GRAND RAPIDS, Mich. (WOOD) — ArtPrize is about more than just art. Many artists use it as a way to educate or to get a message across.
One such exhibit is sponsored by Mel Trotter Ministries in Grand Rapids’ Heartside District. The exhibit invites you to walk in the shoes of the homeless.
Rufus Alexander knows the path well. Life once took him down it.
“I shot drugs in my arms for years. Went to prison, came home and started smoking crack,” the 68-year-old Alexander said as he walked through the exhibit in the park across from Mel Trotter Ministries on Commerce Avenue SW. “I can relate to sleeping outside on a park bench, wearing the same clothes for maybe two or three weeks.”
Now five years clean and sober, he credits programs at Mel Trotter for his success in sobriety and life. He has his own business, owns his own car and lives in his own home.
“I got a line of credit. I wanted to do better,” Alexander said. “It’s hope. But you got to want to stay clean, and that’s the individual’s choice, a day at a time.”
The exhibit aims to educate.
“It looks and feels very different. Often times, many times, (homelessness is) not what people expect it to be,” said Beth Fischer, chief advancement officer for Mel Trotter Ministries.
She said common criticisms of those who are homeless are often mired in misinformation, like when people wonder why they don’t get a job. The truth is that many do work.
“You see behind me on that exhibit, where is says that a single parent needs to work 77 hours a week on minimum wage to afford a two-bedroom apartment. They’re the working poor,” Fischer said.
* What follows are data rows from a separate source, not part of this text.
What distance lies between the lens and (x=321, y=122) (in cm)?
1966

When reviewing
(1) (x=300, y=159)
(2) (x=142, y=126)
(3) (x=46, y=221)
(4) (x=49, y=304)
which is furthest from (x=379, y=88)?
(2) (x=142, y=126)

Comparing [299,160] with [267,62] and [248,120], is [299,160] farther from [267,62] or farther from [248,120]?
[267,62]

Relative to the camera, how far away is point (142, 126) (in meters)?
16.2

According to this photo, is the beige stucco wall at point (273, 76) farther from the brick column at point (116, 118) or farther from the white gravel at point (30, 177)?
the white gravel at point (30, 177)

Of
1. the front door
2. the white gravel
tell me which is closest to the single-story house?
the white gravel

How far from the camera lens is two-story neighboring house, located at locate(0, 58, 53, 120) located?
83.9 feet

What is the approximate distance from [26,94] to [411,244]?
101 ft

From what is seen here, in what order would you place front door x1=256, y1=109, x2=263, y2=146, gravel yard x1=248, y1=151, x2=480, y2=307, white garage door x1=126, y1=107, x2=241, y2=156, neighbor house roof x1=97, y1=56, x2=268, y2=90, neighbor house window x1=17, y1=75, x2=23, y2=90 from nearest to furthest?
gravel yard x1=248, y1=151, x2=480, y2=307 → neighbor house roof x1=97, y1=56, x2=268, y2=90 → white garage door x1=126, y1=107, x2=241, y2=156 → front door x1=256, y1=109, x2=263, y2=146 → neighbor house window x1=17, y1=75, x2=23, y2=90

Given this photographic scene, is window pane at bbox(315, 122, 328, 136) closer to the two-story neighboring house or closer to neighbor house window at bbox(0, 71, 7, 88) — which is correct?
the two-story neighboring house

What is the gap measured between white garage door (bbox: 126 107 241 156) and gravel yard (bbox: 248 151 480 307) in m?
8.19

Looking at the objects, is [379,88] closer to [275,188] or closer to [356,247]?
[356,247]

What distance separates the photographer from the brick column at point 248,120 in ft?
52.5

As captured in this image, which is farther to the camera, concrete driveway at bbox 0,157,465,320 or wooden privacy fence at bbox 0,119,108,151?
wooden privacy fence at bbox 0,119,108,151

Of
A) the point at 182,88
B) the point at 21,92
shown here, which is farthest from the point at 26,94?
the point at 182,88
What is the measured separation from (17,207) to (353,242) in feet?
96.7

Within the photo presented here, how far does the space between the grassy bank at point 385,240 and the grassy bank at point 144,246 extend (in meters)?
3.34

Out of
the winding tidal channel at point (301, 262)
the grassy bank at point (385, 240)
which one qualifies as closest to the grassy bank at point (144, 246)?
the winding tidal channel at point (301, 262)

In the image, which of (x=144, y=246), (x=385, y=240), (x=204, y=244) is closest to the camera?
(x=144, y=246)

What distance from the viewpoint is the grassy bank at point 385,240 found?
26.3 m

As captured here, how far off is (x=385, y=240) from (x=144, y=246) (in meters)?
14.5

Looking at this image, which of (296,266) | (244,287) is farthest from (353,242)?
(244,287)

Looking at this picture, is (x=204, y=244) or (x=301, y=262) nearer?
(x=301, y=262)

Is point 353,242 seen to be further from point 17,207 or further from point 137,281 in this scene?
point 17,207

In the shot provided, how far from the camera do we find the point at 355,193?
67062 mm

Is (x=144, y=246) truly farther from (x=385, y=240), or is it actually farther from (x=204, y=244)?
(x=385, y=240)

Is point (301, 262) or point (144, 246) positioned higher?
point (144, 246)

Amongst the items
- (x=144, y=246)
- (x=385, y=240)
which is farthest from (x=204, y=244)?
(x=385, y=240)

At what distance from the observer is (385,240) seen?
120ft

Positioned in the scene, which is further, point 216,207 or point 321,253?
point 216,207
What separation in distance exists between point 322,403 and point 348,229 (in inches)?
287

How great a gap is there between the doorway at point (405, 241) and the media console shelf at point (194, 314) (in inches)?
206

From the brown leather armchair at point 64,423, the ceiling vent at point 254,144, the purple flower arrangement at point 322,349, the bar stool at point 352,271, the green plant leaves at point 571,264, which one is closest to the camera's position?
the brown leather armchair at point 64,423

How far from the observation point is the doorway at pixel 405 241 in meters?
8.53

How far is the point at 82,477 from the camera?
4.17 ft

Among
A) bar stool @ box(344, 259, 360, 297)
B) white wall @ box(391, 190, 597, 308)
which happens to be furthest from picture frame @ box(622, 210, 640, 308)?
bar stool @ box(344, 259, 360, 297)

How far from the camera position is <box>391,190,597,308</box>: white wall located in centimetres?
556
Another step on the path shows that some people who become homeless don’t run out of money, they run out of relationships.
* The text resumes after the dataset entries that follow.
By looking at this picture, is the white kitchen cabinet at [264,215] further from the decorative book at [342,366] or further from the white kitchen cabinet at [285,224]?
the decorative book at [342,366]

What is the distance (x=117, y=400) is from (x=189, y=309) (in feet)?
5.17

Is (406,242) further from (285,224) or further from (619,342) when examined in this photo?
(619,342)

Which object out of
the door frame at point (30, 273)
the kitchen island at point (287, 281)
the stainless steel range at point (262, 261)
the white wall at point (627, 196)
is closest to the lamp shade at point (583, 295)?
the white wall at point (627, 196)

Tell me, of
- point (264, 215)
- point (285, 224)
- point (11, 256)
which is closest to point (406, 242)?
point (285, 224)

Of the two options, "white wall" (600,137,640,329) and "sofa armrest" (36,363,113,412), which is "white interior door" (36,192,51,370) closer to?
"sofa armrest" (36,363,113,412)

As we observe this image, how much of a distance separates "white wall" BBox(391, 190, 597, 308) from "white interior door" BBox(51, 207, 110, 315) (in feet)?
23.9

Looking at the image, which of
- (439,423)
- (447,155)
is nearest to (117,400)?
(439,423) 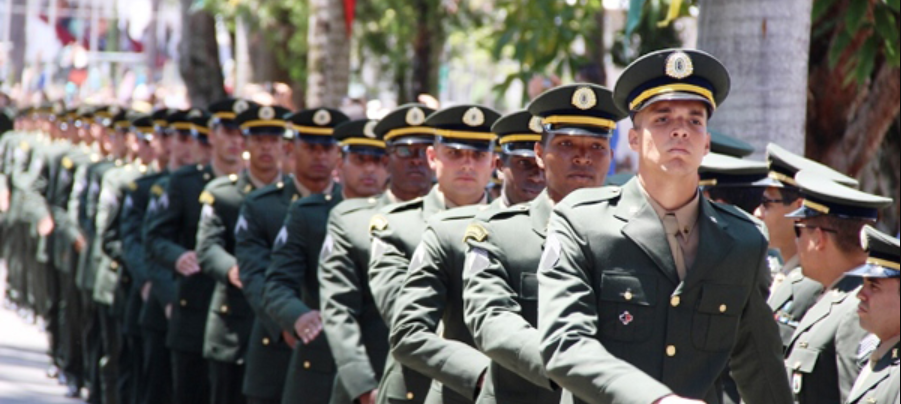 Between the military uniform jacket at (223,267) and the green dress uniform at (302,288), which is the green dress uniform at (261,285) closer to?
the green dress uniform at (302,288)

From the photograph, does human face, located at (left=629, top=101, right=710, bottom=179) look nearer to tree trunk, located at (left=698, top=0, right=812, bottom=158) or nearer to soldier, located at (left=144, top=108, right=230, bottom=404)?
tree trunk, located at (left=698, top=0, right=812, bottom=158)

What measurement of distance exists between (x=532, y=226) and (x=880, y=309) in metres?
1.28

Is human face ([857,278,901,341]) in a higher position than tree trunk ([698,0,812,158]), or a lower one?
lower

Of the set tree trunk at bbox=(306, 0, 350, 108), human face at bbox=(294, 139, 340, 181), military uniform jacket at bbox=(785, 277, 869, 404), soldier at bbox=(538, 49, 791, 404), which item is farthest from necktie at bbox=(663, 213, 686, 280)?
tree trunk at bbox=(306, 0, 350, 108)

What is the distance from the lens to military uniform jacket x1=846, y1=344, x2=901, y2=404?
523 cm

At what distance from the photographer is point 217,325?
29.7 feet

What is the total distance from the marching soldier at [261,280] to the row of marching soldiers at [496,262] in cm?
1

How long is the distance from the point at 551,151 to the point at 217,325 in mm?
4337

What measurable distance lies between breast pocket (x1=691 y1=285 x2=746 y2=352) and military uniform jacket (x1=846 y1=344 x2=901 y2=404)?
4.12 ft

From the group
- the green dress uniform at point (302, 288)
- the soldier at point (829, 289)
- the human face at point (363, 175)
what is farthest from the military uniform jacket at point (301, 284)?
the soldier at point (829, 289)

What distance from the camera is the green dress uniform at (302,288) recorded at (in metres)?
7.30

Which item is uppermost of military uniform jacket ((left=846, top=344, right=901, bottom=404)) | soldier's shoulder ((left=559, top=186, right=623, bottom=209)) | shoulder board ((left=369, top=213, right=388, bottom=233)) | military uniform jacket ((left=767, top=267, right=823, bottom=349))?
soldier's shoulder ((left=559, top=186, right=623, bottom=209))

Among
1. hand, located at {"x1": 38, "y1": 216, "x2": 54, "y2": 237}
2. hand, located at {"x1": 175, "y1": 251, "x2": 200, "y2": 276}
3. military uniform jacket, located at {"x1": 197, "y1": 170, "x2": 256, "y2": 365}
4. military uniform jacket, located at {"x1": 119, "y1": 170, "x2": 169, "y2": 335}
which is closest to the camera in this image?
military uniform jacket, located at {"x1": 197, "y1": 170, "x2": 256, "y2": 365}

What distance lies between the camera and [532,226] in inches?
201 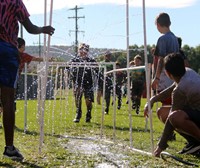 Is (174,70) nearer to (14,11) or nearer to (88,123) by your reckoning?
(14,11)

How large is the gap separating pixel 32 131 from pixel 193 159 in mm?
4056

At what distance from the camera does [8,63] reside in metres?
4.99

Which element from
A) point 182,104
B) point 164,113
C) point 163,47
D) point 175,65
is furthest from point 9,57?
point 163,47

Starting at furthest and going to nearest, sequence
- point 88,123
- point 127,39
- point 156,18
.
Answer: point 88,123, point 156,18, point 127,39

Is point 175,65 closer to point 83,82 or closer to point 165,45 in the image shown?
point 165,45

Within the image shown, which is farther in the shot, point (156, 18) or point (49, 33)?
point (156, 18)

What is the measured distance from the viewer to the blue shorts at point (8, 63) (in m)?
4.97

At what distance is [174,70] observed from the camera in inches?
212

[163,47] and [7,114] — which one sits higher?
[163,47]

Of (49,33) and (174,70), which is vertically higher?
(49,33)

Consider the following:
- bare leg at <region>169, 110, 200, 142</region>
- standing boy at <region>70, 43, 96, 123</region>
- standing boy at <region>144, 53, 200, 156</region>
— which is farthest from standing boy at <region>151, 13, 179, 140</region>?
standing boy at <region>70, 43, 96, 123</region>

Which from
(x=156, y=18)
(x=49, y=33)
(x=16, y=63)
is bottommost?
(x=16, y=63)

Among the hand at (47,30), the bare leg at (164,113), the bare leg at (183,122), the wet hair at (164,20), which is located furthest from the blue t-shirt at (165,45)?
the hand at (47,30)

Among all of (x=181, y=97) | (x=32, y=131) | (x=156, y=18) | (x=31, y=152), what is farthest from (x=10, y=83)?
(x=32, y=131) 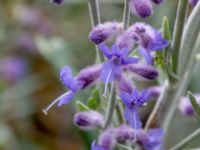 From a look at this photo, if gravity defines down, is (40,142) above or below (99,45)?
below

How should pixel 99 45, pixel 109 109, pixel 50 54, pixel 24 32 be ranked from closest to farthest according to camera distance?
pixel 99 45
pixel 109 109
pixel 50 54
pixel 24 32

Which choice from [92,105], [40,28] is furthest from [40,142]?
[92,105]

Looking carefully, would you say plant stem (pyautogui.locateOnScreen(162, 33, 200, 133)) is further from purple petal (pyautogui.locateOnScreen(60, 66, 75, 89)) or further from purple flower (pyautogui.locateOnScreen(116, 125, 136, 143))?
purple petal (pyautogui.locateOnScreen(60, 66, 75, 89))

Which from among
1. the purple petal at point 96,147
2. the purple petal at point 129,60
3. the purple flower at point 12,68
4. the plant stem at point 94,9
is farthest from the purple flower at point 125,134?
the purple flower at point 12,68

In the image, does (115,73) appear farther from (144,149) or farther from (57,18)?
(57,18)

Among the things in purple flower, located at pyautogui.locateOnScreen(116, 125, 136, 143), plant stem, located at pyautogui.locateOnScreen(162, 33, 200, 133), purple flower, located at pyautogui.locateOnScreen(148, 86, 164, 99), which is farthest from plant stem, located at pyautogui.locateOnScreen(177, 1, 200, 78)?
purple flower, located at pyautogui.locateOnScreen(116, 125, 136, 143) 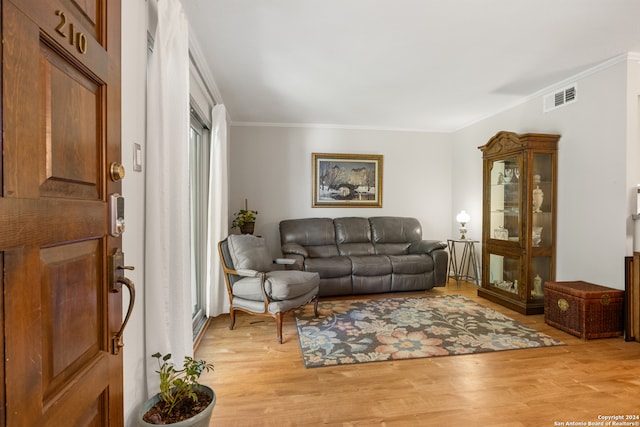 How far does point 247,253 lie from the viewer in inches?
128

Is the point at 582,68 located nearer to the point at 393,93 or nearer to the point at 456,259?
the point at 393,93

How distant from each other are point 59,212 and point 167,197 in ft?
3.00

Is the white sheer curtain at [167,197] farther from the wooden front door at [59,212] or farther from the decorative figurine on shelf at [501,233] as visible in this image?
the decorative figurine on shelf at [501,233]

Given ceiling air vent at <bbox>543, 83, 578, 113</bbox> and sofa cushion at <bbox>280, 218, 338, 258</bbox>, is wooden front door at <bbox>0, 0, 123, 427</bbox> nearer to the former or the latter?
sofa cushion at <bbox>280, 218, 338, 258</bbox>

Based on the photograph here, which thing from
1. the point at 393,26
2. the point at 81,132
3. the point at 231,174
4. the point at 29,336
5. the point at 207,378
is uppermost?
the point at 393,26

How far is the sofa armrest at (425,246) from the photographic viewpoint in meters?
4.59

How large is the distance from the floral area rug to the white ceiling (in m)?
2.50

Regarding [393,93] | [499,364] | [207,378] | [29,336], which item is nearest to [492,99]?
[393,93]

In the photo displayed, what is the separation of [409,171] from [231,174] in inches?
115

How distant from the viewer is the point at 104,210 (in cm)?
89

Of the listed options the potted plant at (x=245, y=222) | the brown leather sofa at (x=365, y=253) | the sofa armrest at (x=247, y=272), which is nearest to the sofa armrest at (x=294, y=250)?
the brown leather sofa at (x=365, y=253)

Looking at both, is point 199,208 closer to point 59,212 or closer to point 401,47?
point 401,47

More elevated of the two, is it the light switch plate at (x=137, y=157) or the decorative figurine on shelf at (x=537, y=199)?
the light switch plate at (x=137, y=157)

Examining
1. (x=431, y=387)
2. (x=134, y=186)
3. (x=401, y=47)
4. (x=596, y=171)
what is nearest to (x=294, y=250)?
(x=431, y=387) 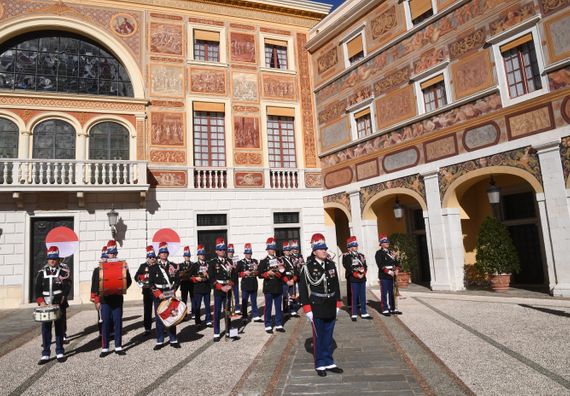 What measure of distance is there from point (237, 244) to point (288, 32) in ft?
34.7

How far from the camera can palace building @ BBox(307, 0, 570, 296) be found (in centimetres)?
1022

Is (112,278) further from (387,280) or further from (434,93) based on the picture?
(434,93)

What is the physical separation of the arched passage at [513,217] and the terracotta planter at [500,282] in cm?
73

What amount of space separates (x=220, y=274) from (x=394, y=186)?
344 inches

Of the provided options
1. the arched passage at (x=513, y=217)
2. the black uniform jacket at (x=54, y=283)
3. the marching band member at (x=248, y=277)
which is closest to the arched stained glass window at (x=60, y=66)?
the marching band member at (x=248, y=277)

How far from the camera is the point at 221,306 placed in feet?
25.7

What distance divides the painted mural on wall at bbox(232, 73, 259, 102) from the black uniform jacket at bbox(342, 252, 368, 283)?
34.5 ft

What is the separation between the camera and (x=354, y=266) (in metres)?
8.95

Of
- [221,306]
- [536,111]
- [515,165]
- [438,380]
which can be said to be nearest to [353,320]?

“Here you see in this exhibit of a teenager who is couch surfing. And doesn’t have relationships in place. There’s no relationships for this individual to continue to find a roof over his head,” Fischer said of the mockup of a bedroom with a teen sleeping on a couch.
Next to it is a recreation of a teen with his head down on a classroom desk.
“So they go to school, but you can see, this depicts a student who is falling asleep in the classroom because obviously, he’s not able to have a good night’s sleep, because he has no place to land,” Fischer said.
The exhibit also hopes to show that while homelessness is a chronic problem, it’s not a chronic condition. Rufus Alexander is proof.
“You gotta know the heartbeat of the city to be able to relate to someone that’s homeless,” Alexander said.